The systemd bug report paints this as an Ubuntu problem, in part because the
systemd developer who submitted it is also the Ubuntu maintainer for systemd,
but there are actually quite a lot of bug reports _across several
distributions_ that relate to this. Several people have simply placed
TasksMax=infinity in their service unit files; but a few have indeed reverted
the DefaultTasksMax setting, as the Ubuntu maintainer also asked for.

The maximum applies to kernel "tasks", not to processes. So whilst one can hit
it by forking a lot of processes, one can also hit it with only a few
processes that happen to use a lot of threads per process. This is of
particular concern to MySQL, MariaDB, Percona, and their ilk, which use a
thread per client connection.
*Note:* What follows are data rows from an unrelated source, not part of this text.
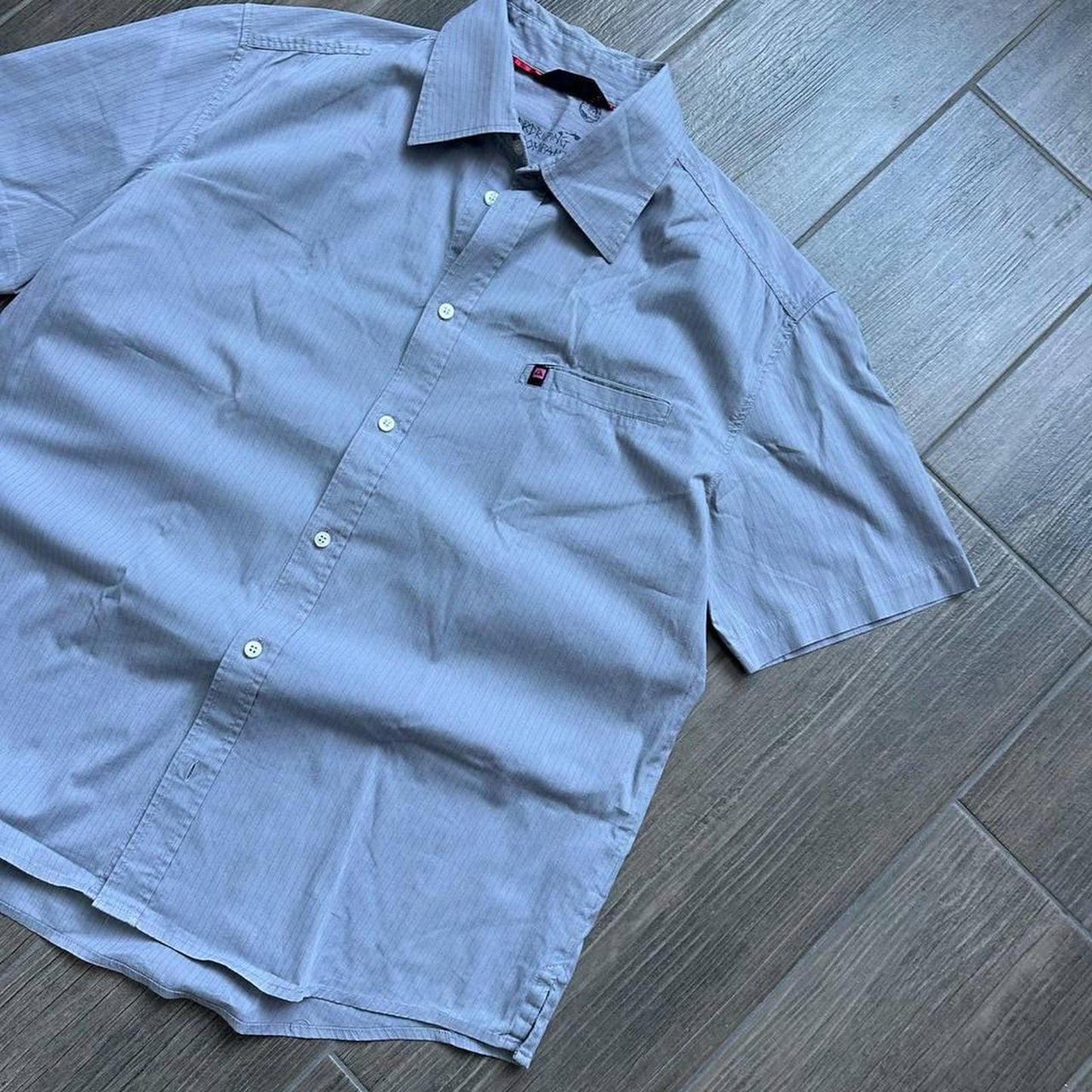 Y2K Quiksilver blue surf vintage shirt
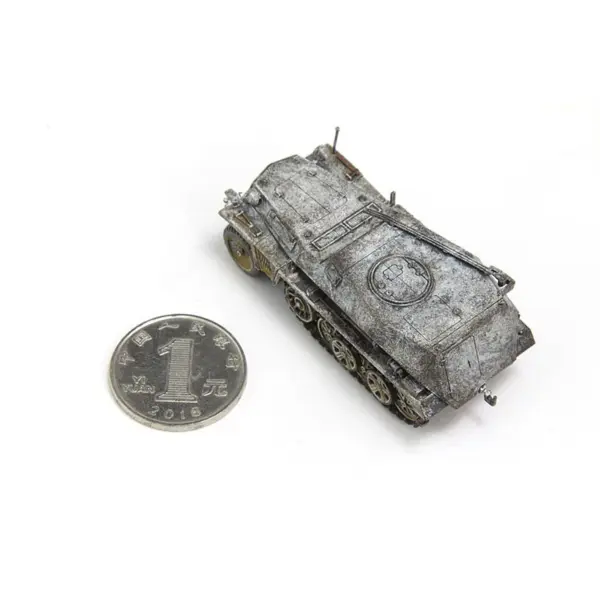 1:72 German SDKFZ 253 Military Vehicle Model - Image 2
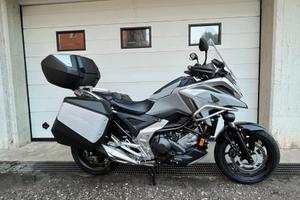 Honda NC750X DCT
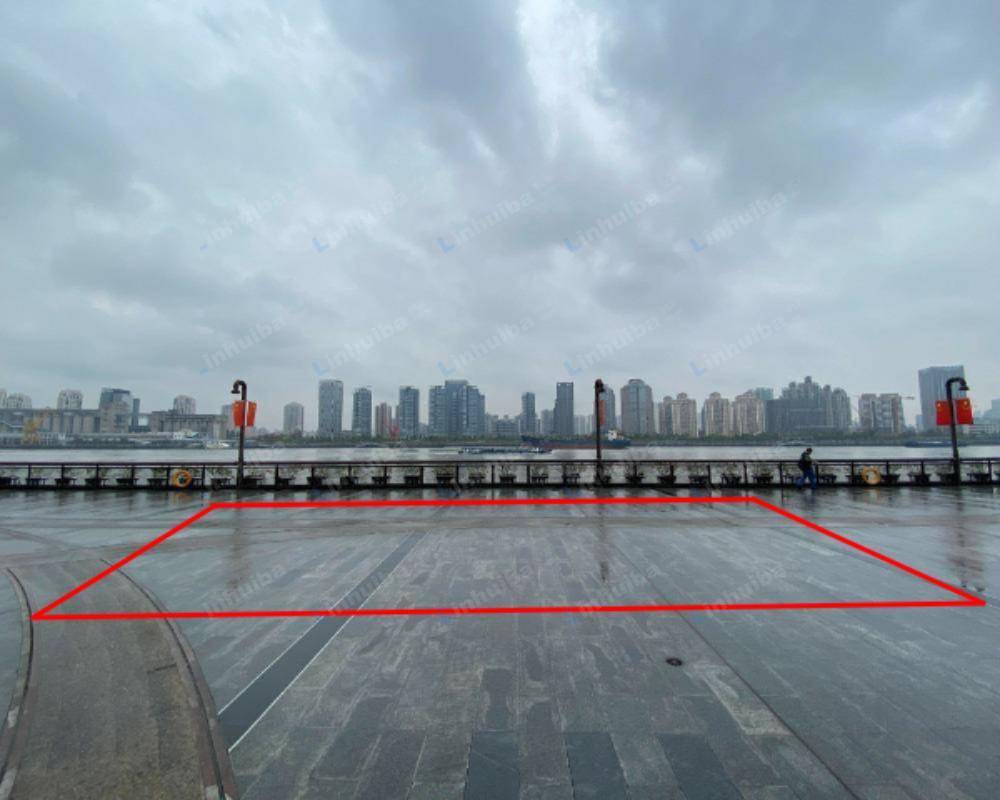 上海东方渔人码头 - 外广场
As Brad Mashall discovered, the effect is that
the SQL servers start refusing client connections.

* [https://bugs.launchpad.net/charms/+source/percona-cluster/+b...](https://bugs.launchpad.net/charms/+source/percona-cluster/+bug/1578080)

Someone hit this with a multi-threaded Java program and reported it to Arch.

* [https://bugs.archlinux.org/task/47787](https://bugs.archlinux.org/task/47787)

The issue was clouded by two things: First, it was obscured by _another_
systemd issue that imposes a task limit on every user service spawned by a
user's per-user instance of systemd. Second, it was obscured by the
complication that GNOME Terminal does not spawn terminal instances directly
but rather uses Desktop Bus to spawn them remotely via "DBUS activation",
resulting in terminals and the processes in their associated login sessions
having the _non_ -login-session task maxima applied.

* [https://github.com/systemd/systemd/issues/1955](https://github.com/systemd/systemd/issues/1955)

Others have reproduced this with lots of processes. Dominique Leuenberger
reported to OpenSUSE that this affects a lot of xyr builds because of parallel
make. Gustavo Romero created a short makefile to use with parallel make (make
-j500) that exhibited the problem.

* [https://bugzilla.opensuse.org/show_bug.cgi?id=965564](https://bugzilla.opensuse.org/show_bug.cgi?id=965564)

* [https://bugs.launchpad.net/ubuntu/+source/ubuntu-meta/+bug/1...](https://bugs.launchpad.net/ubuntu/+source/ubuntu-meta/+bug/1561658/comments/1)

Marko Mihovilic reported to Arch a similar problem on build machines.

* [https://bugs.archlinux.org/task/47662#comment142757](https://bugs.archlinux.org/task/47662#comment142757)

Jakub Sztandera reported to Arch that LXC encounters this limit. Other people
observed there that it has affected Java services such as Freenet. Lennart
Poettering reiterated that people should not revert his changes but instead
change their individual TasksMax settings.

* [https://bugs.archlinux.org/task/47303](https://bugs.archlinux.org/task/47303)

* [https://bbs.archlinux.org/viewtopic.php?id=207255](https://bbs.archlinux.org/viewtopic.php?id=207255)

* [https://github.com/systemd/systemd/issues/2388](https://github.com/systemd/systemd/issues/2388)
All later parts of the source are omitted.